Tag Archives: pets

I’ve waited 27 days to write this

27 Aug

Today I felt inspired to do this:

Karma's a bitch.

You might be thinking “What, I did not subscribe to a crafting blog. What the eff is this?”

Don’t worry, this is NOT a crafting blog, nor will it ever be. So let me explain. Bit of background info: I am renting a bedroom in a sketchy, messy 3 bedroom house that’s occupied by a family. Why? I moved to Colorado and needed to lock down a random sublet so that I’d have a place to live while going on job interviews and just trying to make my way out here. I found this place on Craigslist, was stressed out and sick of searching for apartments and jobs, and mailed them a check, sight unseen.

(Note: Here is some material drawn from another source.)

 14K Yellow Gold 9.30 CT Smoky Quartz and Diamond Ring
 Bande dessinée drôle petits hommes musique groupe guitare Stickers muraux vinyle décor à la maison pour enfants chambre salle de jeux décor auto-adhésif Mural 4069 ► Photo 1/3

I knew it wasn’t going to be ideal, but I didn’t know it would be like this.

Laundry room:

gross laundry room

I think they took the concept of a “laundry room” literally, because there are clothes EVERYWHERE. I’m assuming they’re still like that, because I haven’t been down there since my first time doing laundry. I’d be okay with wading through other people’s dirty clothes, but it also smells like cat pee and, on top of that, a few days ago there was a sewage leak. Once a personal preference, now a safety hazard. I’m out of clean underwear.

Living room: 

messy living room

Mostly uninhabitable, 2 points for irony! The one time I sat on the couch was the last time I sat on the couch, frankly because I’m afraid of whatever is lurking in the cushions that’s feeding off Cheetos from 2008.

Parents:

I met the mother, Buffy, when she was talking on a Nokia cell phone as she walked through the front door. She hung up and told her husband:

“We can’t use this cell phone, they can track it. We need to get another cell phone.”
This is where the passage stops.